In this case, as shown in FIG. 2, since the eight switched

capacitor cells

121, 122,..., 128 are connected to share three output terminals, the first switch string included in each of the eight switched capacitor cells, That is, the first output voltage is output to the first output terminal V _{OUT_A} by the eight first switch strings 1214, 1224, 1234,..., 1284.

The second output voltage is output to the second output terminal V _{OUT_B} by the eight second switch strings 1216, 1226, 1236,..., And 1286 included in each of the eight switched capacitor cells. The third output voltage is output to the third output terminal V _{OUT_C} by the eight third switch strings 1218, 1228, 1238,..., And 1288 included in each of the switched capacitor cells.

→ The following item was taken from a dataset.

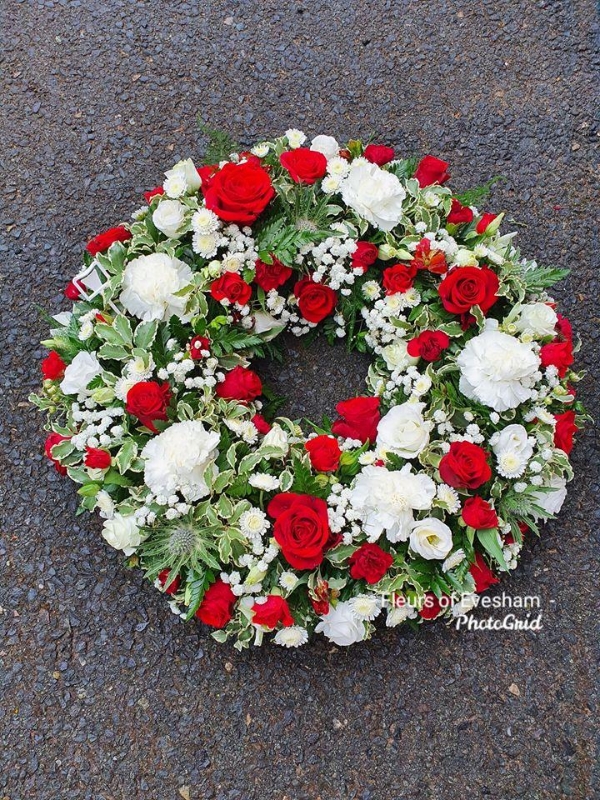 Red and White Wreath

As described above, since the output voltage is output to each output terminal, the number of switch strings is preferably equal to the number of output terminals.

And, since the output unit 120 is composed of eight switched capacitor cells, in the present invention, the control signal generator 110 generates a control signal for the operation of the eight switched capacitor cells using an 8-bit binary counter. It will be explained on the assumption.

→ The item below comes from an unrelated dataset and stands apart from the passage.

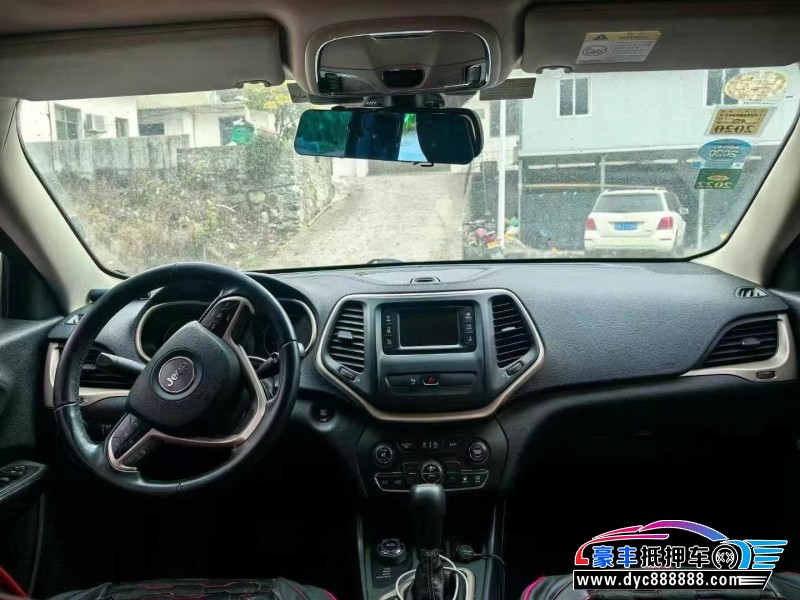 18年Jeep自由光轿车抵押车出售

That is, the operation of a total of eight first switch strings included in eight switched capacitor cells is controlled by a first 8-bit binary counter, and eight second switch strings are controlled by a second 8-bit binary counter. In turn, the operations of the eighth switch arrays are controlled by the eighth eight-bit binary counter.

On the other hand, the present invention is not limited thereto, and it will be apparent to those skilled in the art that a higher number of switched capacitor cells and corresponding higher bit binary counters may be used as needed.

In addition, it is assumed that there are three switch strings included in each of the eight switched capacitor cells, and one switch string includes four switches. However, depending on the number of multiple outputs required, Can also be changed.

Hereinafter, the first output voltage among the three output voltages is output to the first output terminal V _{OUT_A} among the three output terminals by the DC-DC converter 100 according to the embodiment of the present invention. The first output voltage will be described based on an operation in which the output level is determined by the operation of the first switch string, that is, the eight first switch strings, of the three switch strings included in the eight switched capacitor cells.

For the system-on-chip design, the switch according to an embodiment of the present invention is preferably a MOSFET (Metal Oxide Semiconductor Field Effect Transistor) device.

Before describing the operation of determining the output level, referring to FIG. 3, the connection relationship between the common capacitor 1212 and the first to third switch strings 1214 to 1218 included in the first switched capacitor cell 121 is described. More detailed description is as follows.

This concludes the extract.